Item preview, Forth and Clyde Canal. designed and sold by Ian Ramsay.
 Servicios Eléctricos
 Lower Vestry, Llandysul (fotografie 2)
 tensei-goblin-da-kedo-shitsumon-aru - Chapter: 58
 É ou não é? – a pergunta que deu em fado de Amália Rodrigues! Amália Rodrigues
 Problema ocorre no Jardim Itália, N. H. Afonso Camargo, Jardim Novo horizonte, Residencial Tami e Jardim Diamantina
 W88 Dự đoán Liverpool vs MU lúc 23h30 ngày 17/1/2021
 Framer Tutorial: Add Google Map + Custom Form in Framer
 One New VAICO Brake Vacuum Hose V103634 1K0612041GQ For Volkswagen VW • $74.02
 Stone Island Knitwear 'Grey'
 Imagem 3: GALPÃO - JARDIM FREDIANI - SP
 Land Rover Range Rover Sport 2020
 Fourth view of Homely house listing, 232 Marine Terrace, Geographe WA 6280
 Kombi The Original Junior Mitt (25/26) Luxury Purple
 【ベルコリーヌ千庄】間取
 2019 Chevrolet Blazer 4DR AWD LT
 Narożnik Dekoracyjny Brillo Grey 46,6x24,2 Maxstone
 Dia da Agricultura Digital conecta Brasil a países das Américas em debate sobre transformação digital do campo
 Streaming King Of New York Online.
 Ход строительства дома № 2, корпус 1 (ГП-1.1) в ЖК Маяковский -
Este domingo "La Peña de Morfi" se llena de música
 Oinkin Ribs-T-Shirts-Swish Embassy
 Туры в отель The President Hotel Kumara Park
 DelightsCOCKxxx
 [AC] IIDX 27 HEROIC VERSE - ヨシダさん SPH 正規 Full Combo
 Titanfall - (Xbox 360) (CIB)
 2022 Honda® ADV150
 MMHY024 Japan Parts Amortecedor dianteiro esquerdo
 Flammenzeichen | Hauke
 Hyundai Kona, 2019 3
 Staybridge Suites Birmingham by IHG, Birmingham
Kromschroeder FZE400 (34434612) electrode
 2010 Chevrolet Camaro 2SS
§
WHAT TO WORK ON: Counting only lines with the word "Chevrolet" in them, say how many there are in the entries above, with no other words.

RESULT OF THIS EXERCISE: 2